WHAT TO DO: For this exercise, output exactly and only the lines running from the one with "200X 8LED Adjustable" through the final line of the data below, without pictures.

Short web captions:
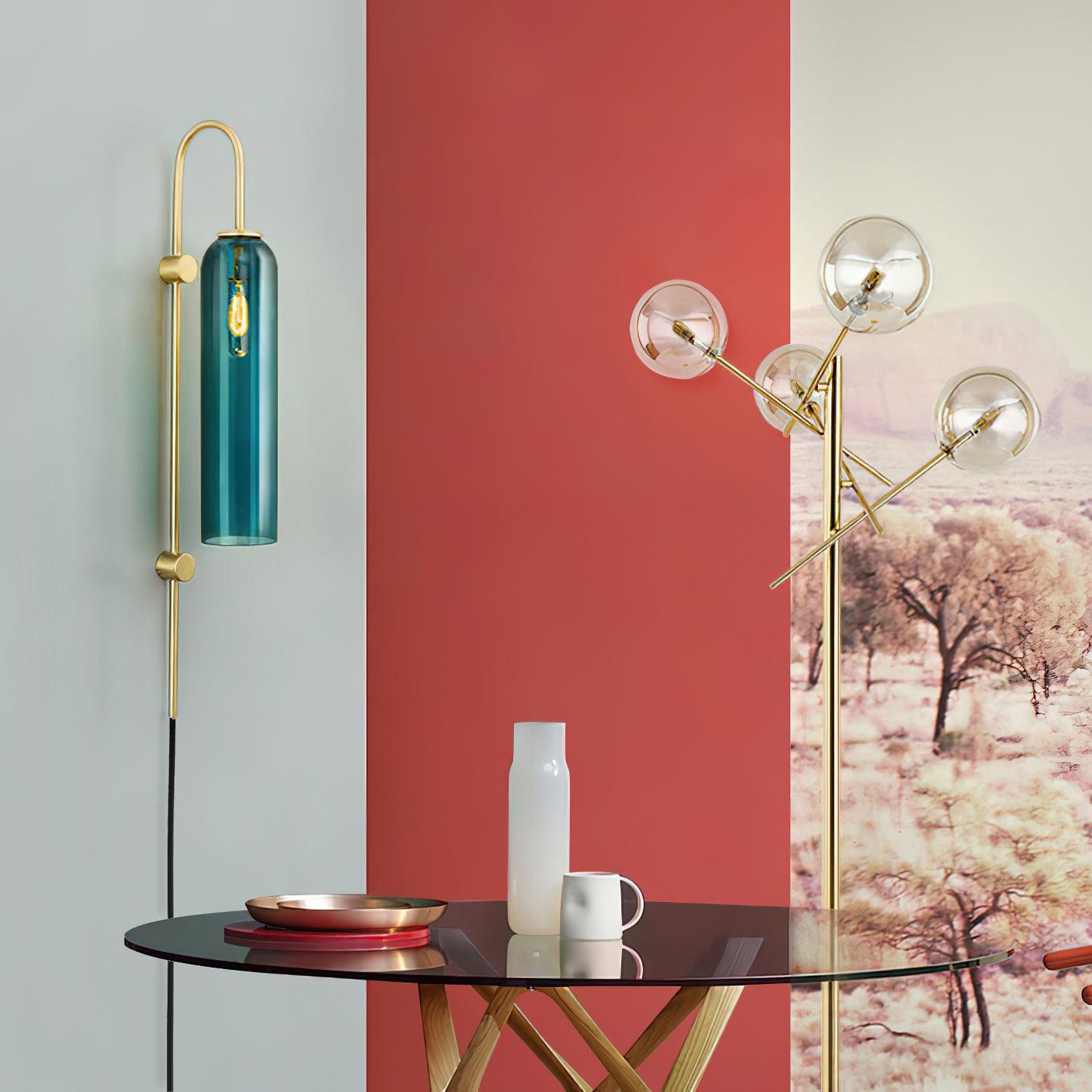 Talor Applique Murale Moderne en Verre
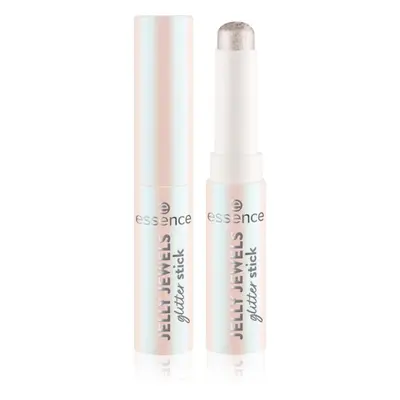 essence JELLY JEWELS stick illuminateur à l’effet multi-chromatique teinte 02 Diamond Dust 2.5 g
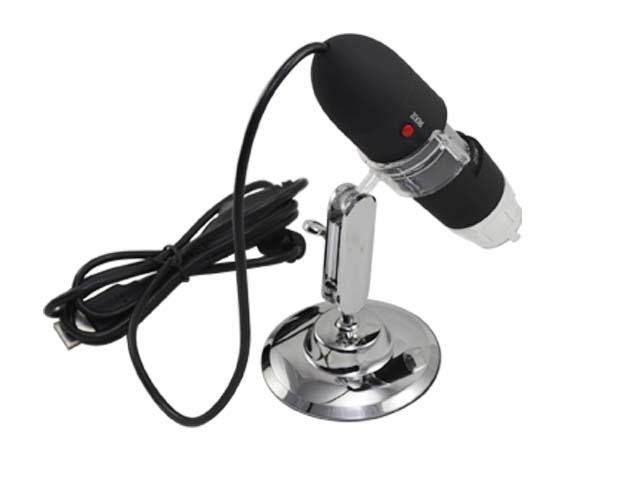 200X 8LED Adjustable USB Digital Microscope Multifunctional Magnifier Portable Endoscope Camera Magnifier with Light Stander
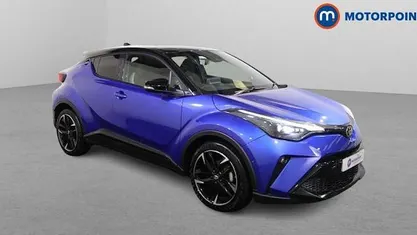 Blue Used 2022 Toyota C-HR Sport SUV | £21,449 (Good price)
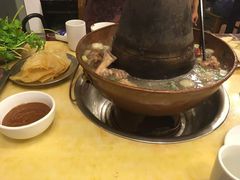 热气羊肉锅-月圆火锅(宁海东路二店)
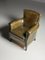 Clubfauteuil van groen schapenvacht (photo 9 of 14)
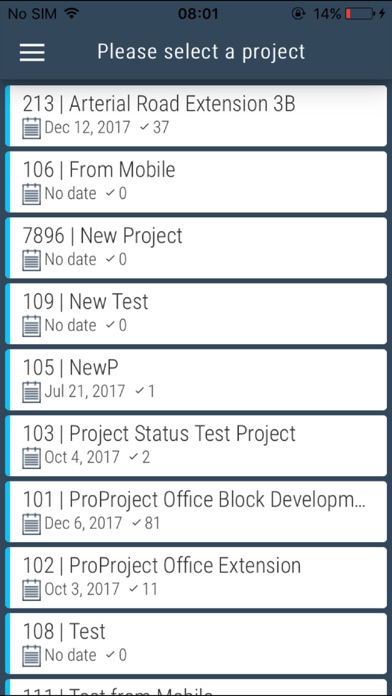 Site Diary - ProProject screenshot 2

ANSWER TO THE PROBLEM:
 200X 8LED Adjustable USB Digital Microscope Multifunctional Magnifier Portable Endoscope Camera Magnifier with Light Stander
 Blue Used 2022 Toyota C-HR Sport SUV | £21,449 (Good price)
 热气羊肉锅-月圆火锅(宁海东路二店)
 Clubfauteuil van groen schapenvacht (photo 9 of 14)
 Site Diary - ProProject screenshot 2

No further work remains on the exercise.